La terrasse du café est vide, je me pose assez loin du passage. Un café sans crème ni sucre, merci ! Concentrons-nous sur cette scène d’amour. Le sexe, c’est toujours difficile à écrire, mais quand il s’agit de ces personnages comme ça… Rien que d’imaginer ce type à poil, ça me donne des frissons.

Exercice 1

La fuite d’Axl. Vous pouvez l’écouter ci-dessous, et/ou lire le texte ici.

La fuite d’Axel

Ecoutez/lisez la scène de la fuite d’Axl. Puis récrivez-la deux fois (vous n’êtes pas obligés de reprendre tous les éléments du récit) en utilisant deux des types de points de vue ci-dessus. A chaque fois, vous pouvez choisir le personnage de votre choix : Axl, le conducteur, le drone (automatisé ou opéré par un humain) ou encore un autre point de vue de votre création.

Exercice de lecture

Dans une de vos lectures favorites, trouvez un passage que vous aimez et dont vous trouvez le point de vue intéressant. Lisez-le, enregistrez-vous ou copiez-le (comme d’hab’) et analysez le point de vue utilisé en quelques mots, en utilisant par exemple les catégories vues plus haut.

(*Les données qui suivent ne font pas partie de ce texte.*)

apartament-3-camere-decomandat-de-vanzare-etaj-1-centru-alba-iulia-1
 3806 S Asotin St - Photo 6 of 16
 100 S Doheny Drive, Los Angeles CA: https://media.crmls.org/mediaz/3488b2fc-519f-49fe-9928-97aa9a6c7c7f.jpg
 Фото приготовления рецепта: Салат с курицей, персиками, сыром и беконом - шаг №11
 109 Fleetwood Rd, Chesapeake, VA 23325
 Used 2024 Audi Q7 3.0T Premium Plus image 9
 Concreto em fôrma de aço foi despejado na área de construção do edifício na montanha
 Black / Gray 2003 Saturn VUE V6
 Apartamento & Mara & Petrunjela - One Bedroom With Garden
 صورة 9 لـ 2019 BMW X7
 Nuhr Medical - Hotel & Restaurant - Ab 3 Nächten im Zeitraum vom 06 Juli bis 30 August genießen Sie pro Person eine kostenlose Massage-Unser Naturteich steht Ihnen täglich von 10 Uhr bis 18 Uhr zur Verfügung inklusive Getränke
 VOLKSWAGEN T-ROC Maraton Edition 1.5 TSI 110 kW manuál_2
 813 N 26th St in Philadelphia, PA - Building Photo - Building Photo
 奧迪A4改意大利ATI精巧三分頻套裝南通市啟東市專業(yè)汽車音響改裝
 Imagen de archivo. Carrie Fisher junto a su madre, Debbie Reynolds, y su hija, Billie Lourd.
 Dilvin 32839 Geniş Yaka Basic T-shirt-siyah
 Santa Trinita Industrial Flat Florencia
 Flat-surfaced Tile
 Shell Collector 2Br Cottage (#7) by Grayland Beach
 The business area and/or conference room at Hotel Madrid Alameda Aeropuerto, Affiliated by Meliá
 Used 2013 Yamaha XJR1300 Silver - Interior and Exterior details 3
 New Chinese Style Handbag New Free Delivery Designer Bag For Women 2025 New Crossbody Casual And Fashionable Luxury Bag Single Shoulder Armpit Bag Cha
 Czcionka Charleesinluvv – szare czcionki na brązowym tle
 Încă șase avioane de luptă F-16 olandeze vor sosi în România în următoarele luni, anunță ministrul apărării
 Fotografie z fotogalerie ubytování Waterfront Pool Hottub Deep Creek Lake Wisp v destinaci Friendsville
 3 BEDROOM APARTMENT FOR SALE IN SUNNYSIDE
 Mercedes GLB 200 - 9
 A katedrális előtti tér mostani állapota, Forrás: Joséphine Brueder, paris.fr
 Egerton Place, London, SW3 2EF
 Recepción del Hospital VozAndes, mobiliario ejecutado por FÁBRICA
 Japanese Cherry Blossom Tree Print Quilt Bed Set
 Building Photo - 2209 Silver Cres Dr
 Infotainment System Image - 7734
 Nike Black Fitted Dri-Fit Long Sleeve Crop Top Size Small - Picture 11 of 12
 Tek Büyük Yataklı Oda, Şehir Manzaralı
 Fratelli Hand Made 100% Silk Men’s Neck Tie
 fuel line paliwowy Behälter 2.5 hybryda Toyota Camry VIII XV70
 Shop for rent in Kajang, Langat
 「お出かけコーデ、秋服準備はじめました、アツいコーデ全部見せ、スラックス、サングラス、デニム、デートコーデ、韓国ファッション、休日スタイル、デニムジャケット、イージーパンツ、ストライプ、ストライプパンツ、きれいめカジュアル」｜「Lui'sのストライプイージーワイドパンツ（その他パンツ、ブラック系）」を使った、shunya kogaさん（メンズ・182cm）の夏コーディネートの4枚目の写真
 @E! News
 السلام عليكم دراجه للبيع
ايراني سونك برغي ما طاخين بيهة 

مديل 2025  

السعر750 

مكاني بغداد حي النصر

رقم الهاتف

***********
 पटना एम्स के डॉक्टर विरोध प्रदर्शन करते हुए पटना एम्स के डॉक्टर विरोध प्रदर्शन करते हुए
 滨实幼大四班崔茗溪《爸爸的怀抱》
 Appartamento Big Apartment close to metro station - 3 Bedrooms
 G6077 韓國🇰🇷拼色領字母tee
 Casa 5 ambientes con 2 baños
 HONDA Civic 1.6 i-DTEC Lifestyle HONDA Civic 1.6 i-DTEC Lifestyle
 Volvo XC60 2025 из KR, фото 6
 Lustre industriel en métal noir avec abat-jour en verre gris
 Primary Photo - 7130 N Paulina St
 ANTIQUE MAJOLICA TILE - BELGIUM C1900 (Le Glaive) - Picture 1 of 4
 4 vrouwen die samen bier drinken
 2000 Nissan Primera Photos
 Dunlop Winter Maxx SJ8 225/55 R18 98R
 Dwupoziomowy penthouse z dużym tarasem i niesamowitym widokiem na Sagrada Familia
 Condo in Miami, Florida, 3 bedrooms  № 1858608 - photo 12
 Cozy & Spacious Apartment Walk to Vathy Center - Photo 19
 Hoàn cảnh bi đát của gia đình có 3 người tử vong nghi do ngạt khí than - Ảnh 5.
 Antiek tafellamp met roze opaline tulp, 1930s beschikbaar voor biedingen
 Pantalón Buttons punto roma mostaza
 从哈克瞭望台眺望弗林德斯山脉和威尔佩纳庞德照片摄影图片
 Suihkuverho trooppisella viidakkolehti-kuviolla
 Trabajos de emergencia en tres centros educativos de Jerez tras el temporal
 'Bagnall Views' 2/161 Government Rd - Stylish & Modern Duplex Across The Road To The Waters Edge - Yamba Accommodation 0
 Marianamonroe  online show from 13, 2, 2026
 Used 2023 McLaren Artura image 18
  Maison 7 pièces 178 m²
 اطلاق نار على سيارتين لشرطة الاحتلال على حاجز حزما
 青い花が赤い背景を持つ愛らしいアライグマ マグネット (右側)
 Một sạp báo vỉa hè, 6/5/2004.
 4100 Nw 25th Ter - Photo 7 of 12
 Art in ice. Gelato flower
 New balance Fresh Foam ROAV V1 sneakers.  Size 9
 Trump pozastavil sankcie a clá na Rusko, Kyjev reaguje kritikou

Semaine #3 – Un acteur du futur

Cette semaine, nous allons imaginer un personnage. Le risque quand on imagine un personnage un peu éloigné de ce qu’on connaît, c’est qu’on tombe dans un gros cliché (la belle blonde, le costaud taiseux, le flic divorcé alcoolique, etc.) qui affaiblisse votre histoire. Je vous propose donc un petit jeu pour sortir de votre zone de clichés, qui nécessitera au moins un dé à six faces (D6).

Exercice

Jetez six fois un dé à six faces et notez le résultat de chaque jet dans la colonne de gauche du tableau qui suit.

Cela va vous donner une idée du personnage. Imaginez le personnage qui colle avec chacun des résultats. (je n’emploie que le genre masculin ci-dessous parce que nous parlons du personnage, mais le genre du personnage sera ce que vous voulez qu’iel soit).

Notez, pour chaque ligne, dans la colonne de droite, ce que signifie le résultat.

Puis écrivez ci-dessous :

Le nom du personnage :

Son âge :

Son lieu de naissance :

Quelques lignes expliquant qui elle/il est :

Dans les questions suivantes nous allons appeler machines tout système qui consomme de l’énergie pour rendre un service. Une voiture, un lave-linge, un ordinateur, un téléphone, une centrale électrique sont des machines.

Quand on parle de son travail, nous entendons l’activité qui le définit socialement et lui permet d’assurer ses moyens de subsistance.

Valeur du dé Aspect Interprétation
  Présence des machines dans son cadre de vie : 1 – Absentes : le personnage vit dans un environnement très naturel. 6 – Omniprésentes : le personnage vit dans un cadre hyper-machinisé.  
  Importance de son travail dans son existence : 1 – Faible : son travail n’a aucune importance pour le personnage. 6 – Essentielle : son travail est toute sa vie.  
  Utilisation de machines dans son travail 1 – Minimale. Le personnage fait tout à mains nues, se déplace tout le temps à pied… 6 – Extrême. Il n’interagit avec le monde que médiatisé à travers un système énergivore.  
  Sécurité physique 1 – Très incertaine. Santé et survie directement menacée. 6 – Très protégée. Rien ne peut lui arriver.  
  Ressources sociales 1 – Très faibles. N’a personne sur qui compter, très peu de moyens d’actions dans la société. 6 – Immenses. Dispose d’une position sociale très avantageuse (fortune, pouvoir politique…)  
  Dépendances 1 – Aucune : de son point de vue, personne ne dépend de ce qu’elle fait/devient. 6 – Immenses : un groupe social entier dépend de ses actions, de ses décisions.  

Exercice de lecture

Dans une de vos lectures favorites, trouvez une évocation (une dizaine de lignes maximum) d’un personnage qui vous plaît. (ça peut ne pas être de la SF)

Puis partagez-les, soit en les recopiant, soit en les lisant et enregistrant, comme la semaine passée.